Sembra «tutto finito», sembra non ci siano «strade che possano aprirsi, se non quella del ritorno alla vita “senza Gesù”, come nel caso dei discepoli di Emmaus». Eppure è proprio in frangenti come questo che «l’azione dello Spirito fa germogliare cose inedite e insperate», sostiene il cardinale De Donatis. Infatti, prosegue, abbiamo vissuto una Quaresima «straordinaria», fatta di «spoliazione e digiuno», in cui abbiamo dato prova di «capacità di resilienza e di cambiamento». Ma «c’è un livello molto più profondo – si legge ancora nella lettera – in realtà abbiamo vissuto radicalmente il Mistero Pasquale di Morte e di Resurrezione. Lo abbiamo toccato con mano. Siamo stati messi con forza davanti alla realtà della morte, molto concretamente alla possibilità della “mia” morte e di quella delle persone che amo. E ancora adesso siamo di fronte al pericolo che a morire sia un’intera realtà sociale ed economica, almeno nelle forme con cui l’abbiamo vissuta finora».

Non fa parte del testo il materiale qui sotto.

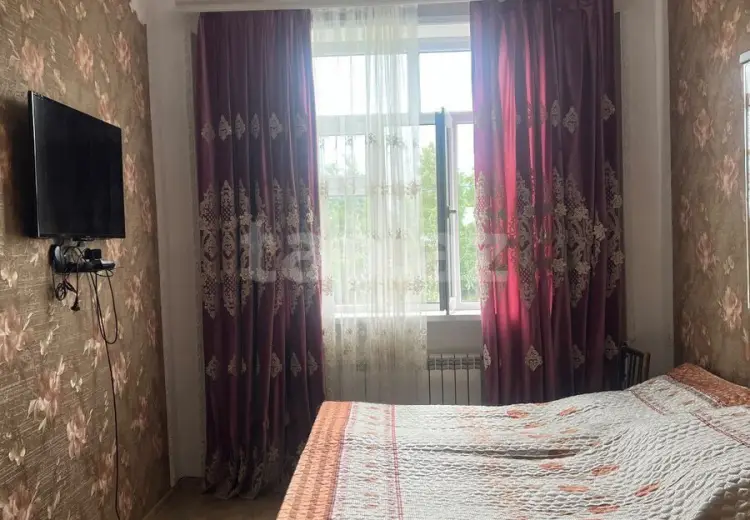10 otaqlı mənzil , Quba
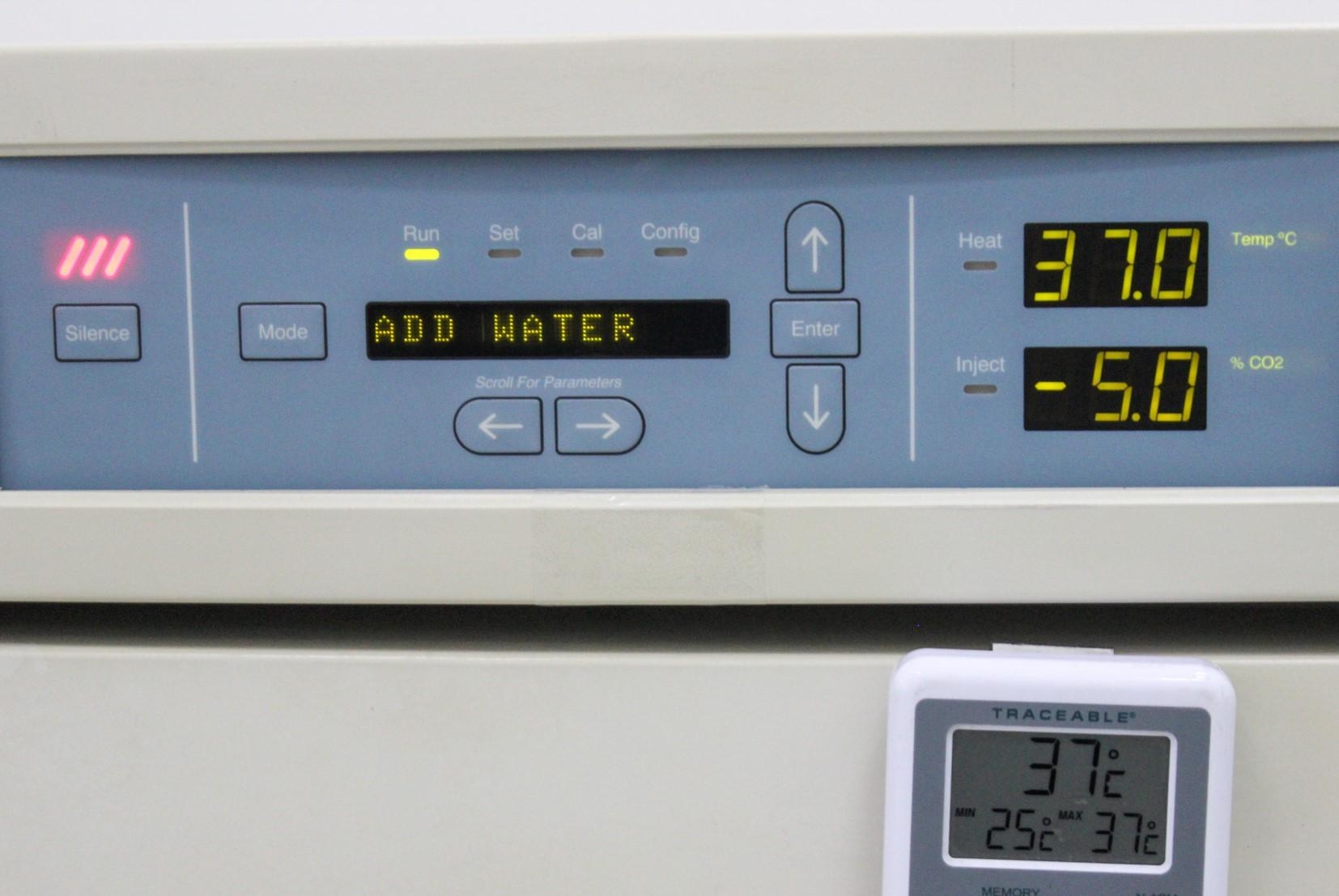Forma Scientific Co2 Water Jacketed Incubator Model 3110 - Good Condition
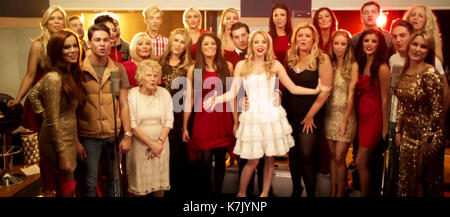 Photo Fournie Par Alpha 0656630 02/12/11 Maria Fowler, Frankie Essex, Joey Essex, Carol Wright, Nanny Pat Patricia Brooker Dino Et Georgio Georgiades, Chloe Sims, Lauren Goodger, Harry Derbidge, Wright, Billie Faiers, Lydia Bright, James Arg Argent, Billi Mucklow, Cara Killenbey, Lucy Peru, Peter Peru, Peter Peru, Lucy, Peter Peru, Peter Peru, Lucy, Lucy, Peter Peru, Luke, Lucy, Lucy, Lucy, Lucy Ronnie Derbidge, Mario Falcone, Debbie Bright Et Sam Faiers Dans La Towie Christmas Charity Music Single Video, Dernier Noël Banque D'Images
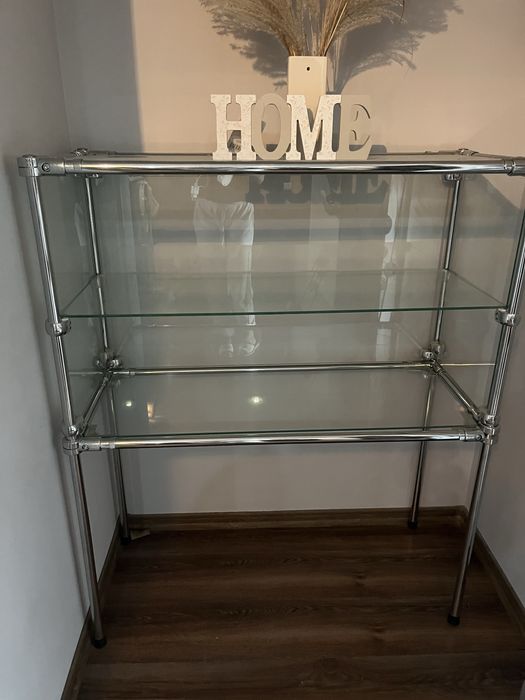 Ekspozytor szklany pólka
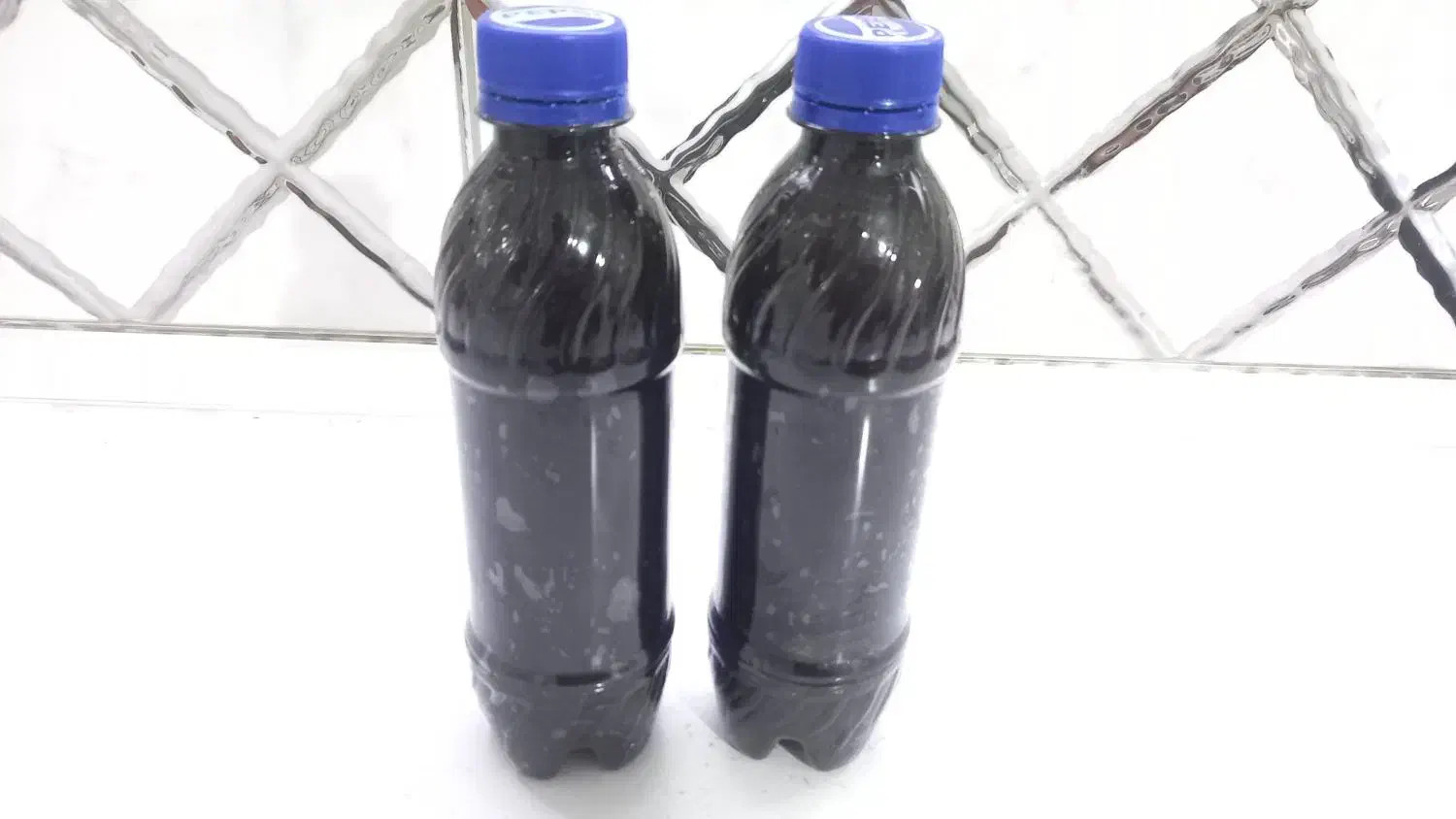 ریکا سیاه|مواد شوینده و دستمال کاغذی|هشتگرد, هشتگرد قدیم|دیوار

«Ci troviamo ad avere vissuto – tutti insieme e contemporaneamente – un’esperienza che ci mette in grado di renderci conto della scommessa che la fede è, della novità entrata nel mondo con Gesù: passare dalla morte alla vita. Stiamo vivendo in un prolungato stato di attesa che succeda qualcosa di liberatorio; di qualcuno che ci annunci che possiamo uscire a tornare a vivere senza preoccuparci di non morire. Ecco: questo è esattamente il senso del termine Vangelo. Questo è il compito che ci eravamo dati come diocesi: annunciare il Vangelo dentro alla vita concreta della nostra gente».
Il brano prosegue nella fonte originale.